Fairytale Ending to Panto Season
The Grand Opera House celebrates record audiences making it to the ball for its recent Cinderella production
Last month we wrote about the timelessness of panto and why, in spite of the constant forward motion of other artforms, not least theatre, audiences never seem to tire of the Christmas show's traditional tropes.
Year on year venues are filled as local stars and some from further afield transform themselves and the stage into surreal extensions of familiar tales, and giving those in attendance all the participatory cues they've come to expect.
All of this appears to have been further reinforced with the Grand Opera House announcing record numbers for its recent production of Cinderella. Over its six-week run, which comprised 74 performances in total, close to 75,000 people turned out to see May McFettridge and Gareth Gates, amongst others, bring the age-old fantasy to life.
The show saw John Linehan's McFettridge reprise her crowning role as Belfast's Queen on panto, playing the Fairy Godmother alongside Gates as Prince Charming and Jayne Wisener (Sweeney Todd, The Inbetweeners) as the title character. 'With bucket-loads of glitz and glamour, audience participation, costumes and telly names, it's got it all,' reported Culture's NI's Jane Hardy.
Opening with a panto in 1895, Grand Opera House chief executive Ian Wilson attributed the generations of annual enjoyment to the historic building's unique characteristics as well as the no expense spared approach to creating memorable experiences.

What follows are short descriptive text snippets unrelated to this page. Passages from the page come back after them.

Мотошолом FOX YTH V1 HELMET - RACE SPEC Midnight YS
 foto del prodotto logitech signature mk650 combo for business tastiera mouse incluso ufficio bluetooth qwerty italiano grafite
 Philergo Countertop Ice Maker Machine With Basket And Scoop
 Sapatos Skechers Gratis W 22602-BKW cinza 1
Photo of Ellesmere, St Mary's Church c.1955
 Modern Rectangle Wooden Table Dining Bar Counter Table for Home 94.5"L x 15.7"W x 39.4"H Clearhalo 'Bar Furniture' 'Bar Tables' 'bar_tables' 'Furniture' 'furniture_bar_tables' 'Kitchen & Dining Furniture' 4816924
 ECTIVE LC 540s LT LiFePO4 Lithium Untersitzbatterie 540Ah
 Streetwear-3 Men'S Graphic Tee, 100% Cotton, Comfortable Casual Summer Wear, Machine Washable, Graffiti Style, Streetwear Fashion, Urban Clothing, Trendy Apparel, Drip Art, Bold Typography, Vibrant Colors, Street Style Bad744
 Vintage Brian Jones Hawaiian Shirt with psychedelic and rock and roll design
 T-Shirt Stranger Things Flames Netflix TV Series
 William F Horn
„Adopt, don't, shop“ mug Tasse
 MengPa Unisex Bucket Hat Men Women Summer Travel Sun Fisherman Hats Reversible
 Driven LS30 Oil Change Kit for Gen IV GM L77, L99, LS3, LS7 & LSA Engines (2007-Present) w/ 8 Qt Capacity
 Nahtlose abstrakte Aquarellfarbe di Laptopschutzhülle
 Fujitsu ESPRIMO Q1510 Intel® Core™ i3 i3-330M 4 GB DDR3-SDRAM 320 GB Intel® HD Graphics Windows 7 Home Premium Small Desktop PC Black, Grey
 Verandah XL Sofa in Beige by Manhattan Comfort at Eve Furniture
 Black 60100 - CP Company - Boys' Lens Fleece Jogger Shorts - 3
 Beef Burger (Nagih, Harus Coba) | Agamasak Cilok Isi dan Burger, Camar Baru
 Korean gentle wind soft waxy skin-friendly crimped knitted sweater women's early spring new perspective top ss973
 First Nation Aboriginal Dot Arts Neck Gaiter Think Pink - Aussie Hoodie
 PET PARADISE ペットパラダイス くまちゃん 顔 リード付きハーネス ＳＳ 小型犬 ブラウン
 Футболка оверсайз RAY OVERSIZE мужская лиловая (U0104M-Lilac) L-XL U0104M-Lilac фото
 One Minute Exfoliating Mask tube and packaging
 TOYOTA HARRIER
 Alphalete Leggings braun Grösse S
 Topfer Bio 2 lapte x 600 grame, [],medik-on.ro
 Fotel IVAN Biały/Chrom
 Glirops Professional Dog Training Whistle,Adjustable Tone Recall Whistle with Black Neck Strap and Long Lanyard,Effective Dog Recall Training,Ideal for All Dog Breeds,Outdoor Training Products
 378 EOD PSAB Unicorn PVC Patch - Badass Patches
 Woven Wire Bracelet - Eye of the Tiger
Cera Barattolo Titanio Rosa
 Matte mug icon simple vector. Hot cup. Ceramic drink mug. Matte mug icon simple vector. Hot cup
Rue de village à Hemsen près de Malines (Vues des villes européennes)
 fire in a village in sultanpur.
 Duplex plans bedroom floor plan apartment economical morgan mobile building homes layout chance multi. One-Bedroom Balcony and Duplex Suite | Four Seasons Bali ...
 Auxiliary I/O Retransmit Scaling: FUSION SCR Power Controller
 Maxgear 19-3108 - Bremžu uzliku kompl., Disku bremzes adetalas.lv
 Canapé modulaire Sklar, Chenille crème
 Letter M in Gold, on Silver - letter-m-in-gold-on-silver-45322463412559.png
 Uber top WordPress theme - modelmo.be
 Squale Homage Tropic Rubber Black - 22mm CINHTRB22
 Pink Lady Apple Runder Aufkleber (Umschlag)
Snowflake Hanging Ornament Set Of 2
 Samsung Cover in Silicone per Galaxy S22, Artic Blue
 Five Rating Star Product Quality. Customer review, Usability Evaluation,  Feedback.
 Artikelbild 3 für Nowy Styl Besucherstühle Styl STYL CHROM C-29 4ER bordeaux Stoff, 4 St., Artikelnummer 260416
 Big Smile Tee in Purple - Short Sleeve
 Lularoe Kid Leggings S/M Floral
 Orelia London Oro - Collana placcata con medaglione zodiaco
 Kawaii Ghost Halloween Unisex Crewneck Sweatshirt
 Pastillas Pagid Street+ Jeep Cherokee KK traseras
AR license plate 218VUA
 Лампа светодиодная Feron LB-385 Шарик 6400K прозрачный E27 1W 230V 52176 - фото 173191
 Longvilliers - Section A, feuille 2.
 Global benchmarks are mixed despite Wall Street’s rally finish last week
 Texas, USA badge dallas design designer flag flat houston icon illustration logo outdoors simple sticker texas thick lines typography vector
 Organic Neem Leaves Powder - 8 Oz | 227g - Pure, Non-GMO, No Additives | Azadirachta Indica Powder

He said: 'The intimate nature of the Grand Opera House’s auditorium, which allows the audience to be close to the action on stage, combined with top-drawer production values, spectacular special effects, and stunning sets and costumes ensures theatregoers continue to come back to our annual pantomime extravaganza year after year.'
The source material proved a popular choice at other theatres around the country too, with the Millennium Forum, Market Place Theatre and the Belfast Waterfront also taking audiences to the ball with their own, original versions.
And 10 months ahead of opening night, the Grand Opera House's 2017/18 staging of Peter Pan has already sold over 22,000 tickets. It seems panto lovers aren't interested in growing up any time soon either.